Burundi : plus de 210 personnes assassinées en moins d’une année (Rapport Ligue-Iteka)
La Ligue des droits de l’homme Iteka s’alarme sur la détérioration accrue de la situation des droits humains à quelques mois des législatives au Burundi. Elle craint le pire et en appelle au gouvernement à la retenue. (SOS Médias Burundi)
La pionnière des organisations de défense des droits humains dans la petite nation de l’Afrique de l’est, « Ligue Iteka », lance un cri d’alarme dans son dernier rapport sur les violation des droits de la personne humaine.
Le rapport qui couvre la période de janvier à septembre 2024 dresse un bilan largement négatif.
Cette organisation a pu dénombrer plus de 210 cas de tueries dont « 31 imputés aux agents étatiques et 10 exécutions sommaires ».
Le grand nombre est celui des personnes assassinées par des « gens non encore identifiés et dont les cadavres sont retrouvés un peu partout dans le pays », lit-on dans ledit rapport. « Vu l’urgence d’inhumation de ces corps par les administratifs sans enquêtes préalablement établies, l’État est de ce fait tenu responsable », pointe le rapport.
En effet, l’organisation qui travaille depuis l’exil a pu identifier 214 arrestations arbitraires et 30 cas d’enlèvement.
Pour illustrer, ne fut-ce que, quelques exemples, la Ligue Iteka a documenté des cas de tueries à Bugendana (Gitega-centre), Kayanza ( nord), Rugombo (Cibitoke-nord-ouest), Nyanza-lac (Makamba-sud), Muramvya -Bujumbura ( centre-ouest), les prisons de Mpimba (Bujumbura- ville commerciale) et Bururi (sud) pour ne citer que ces cas-là.
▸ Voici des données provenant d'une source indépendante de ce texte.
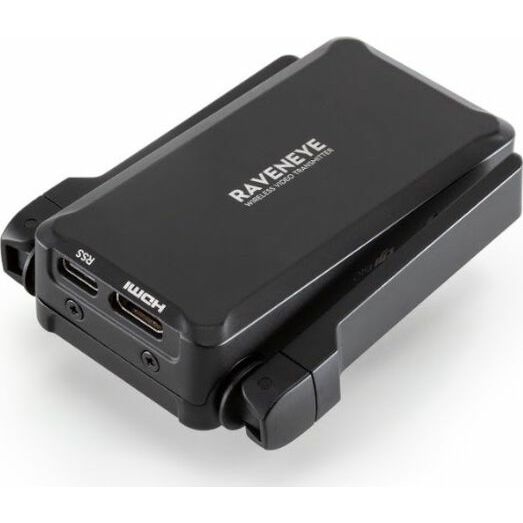 DJI System transmisji obrazu RavenEye DJI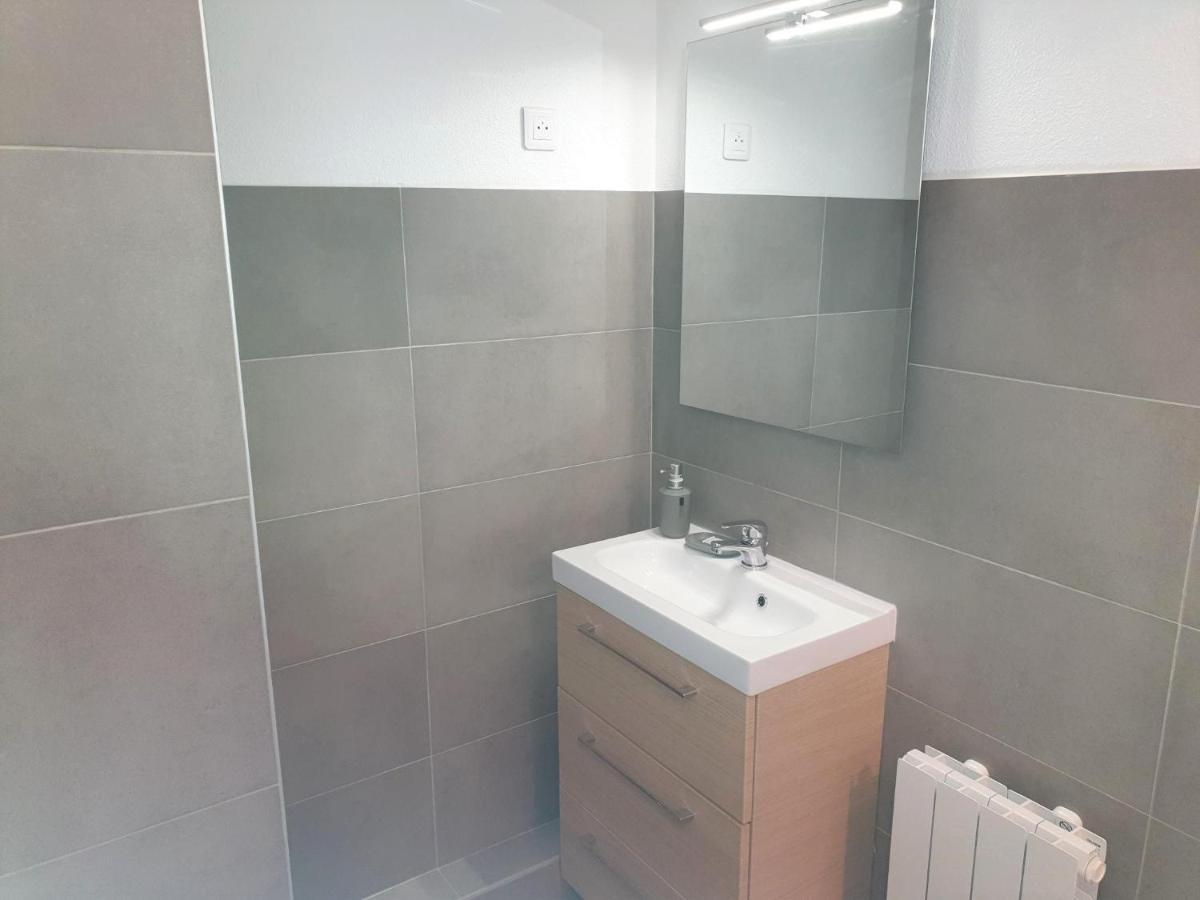 Apartament Les Jardins Du Golf - Mandelieu Zewnętrze zdjęcie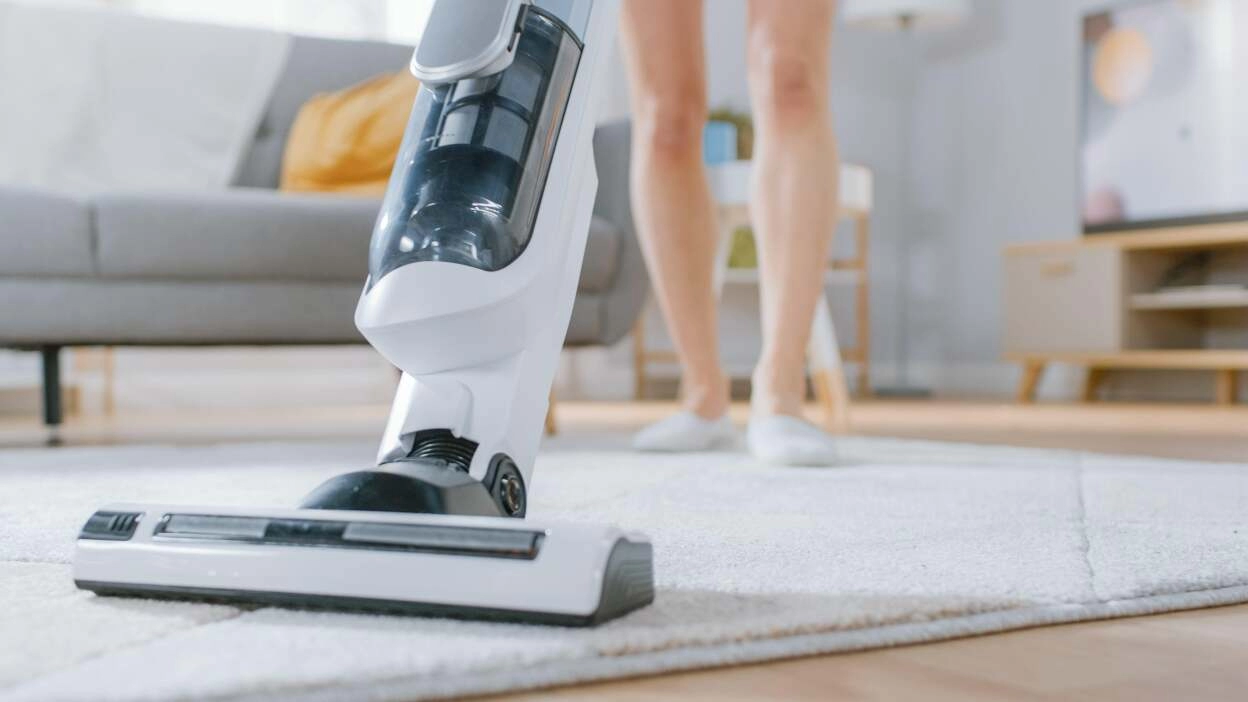 Cordless Vacuum Battery Maintenance Tips
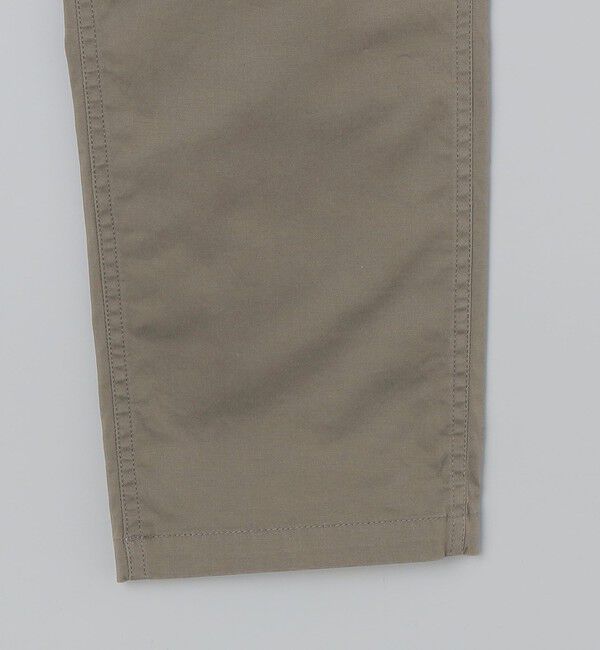 SHIPS「SHIPS: ライト カラー テーパード チノ」|チノ|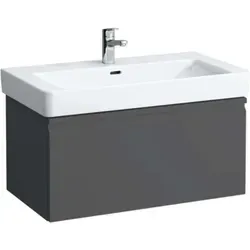 LAUFEN PRO S Waschtischunterschrank mit Soft-Close von LAUFEN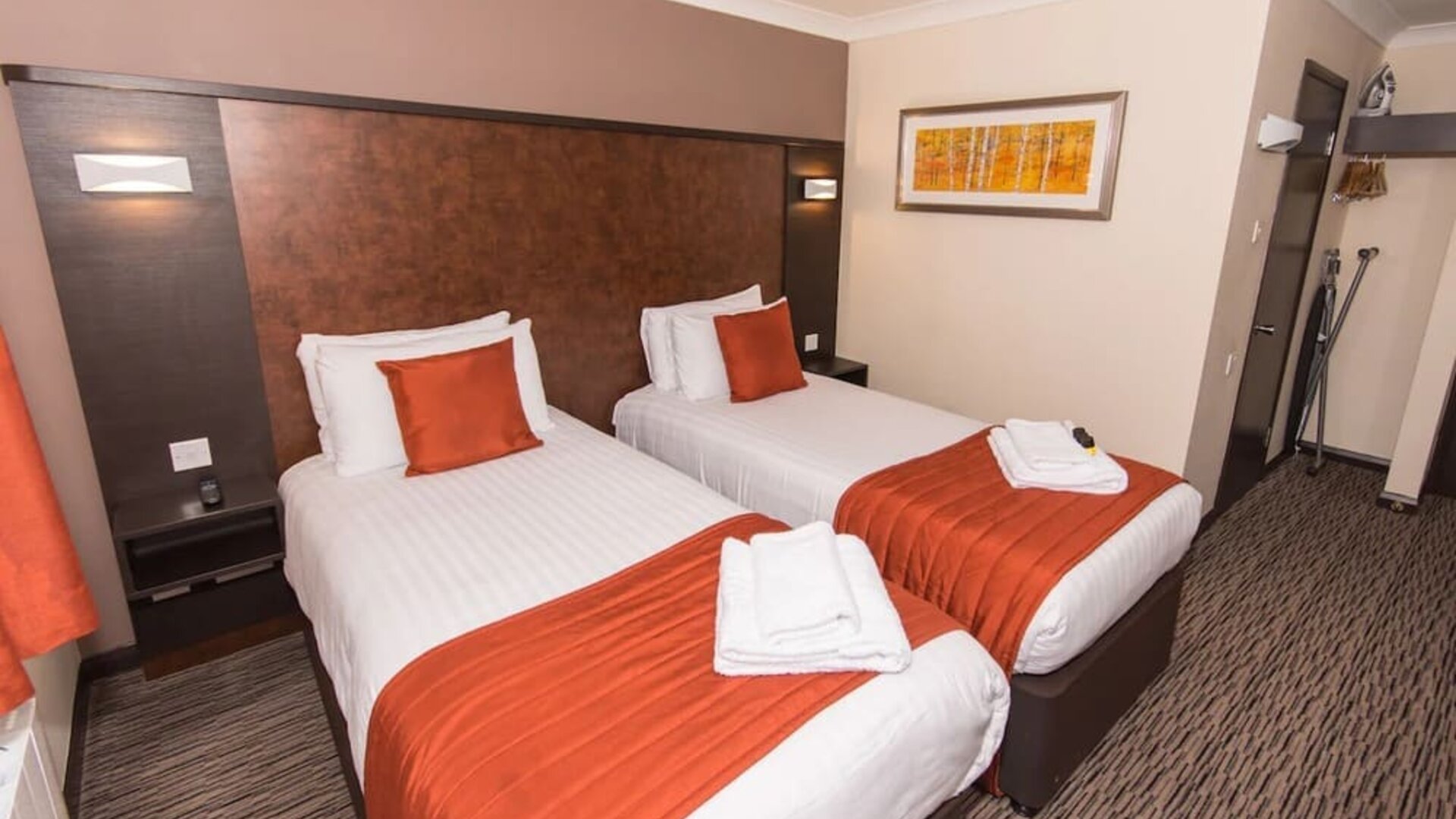 Day room at Dragonfly Hotel King's Lynn - Surya Hotels.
Cette organisation le plus souvent citée par le département d’État américain dans ses rapports annuels, s’inquiète du phénomène d’enlèvements, d’arrestations arbitraires ainsi que de tortures et traitements inhumains ou encore de violences sexuelles qui ne fléchit pas.
Le CNL plus visé…
D’après le rapport, les victimes qui ont pu être identifiées sont des membres des partis de l’opposition en l’occurrence le CNL.
« Les renseignements arrêtent ou enlèvent des membres du parti CNL fidèles à Agathon Rwasa. Et de nombreux corps retrouvés sont enterrés en catimini sans enquête », regrette la Ligue Iteka qui appelle des mécanismes de protection des droits de l’homme de l’ONU à suivre de près « cette situation qui risque d’empirer en période électorale ». Agathon Rwasa est le leader traditionnel-CNL contesté.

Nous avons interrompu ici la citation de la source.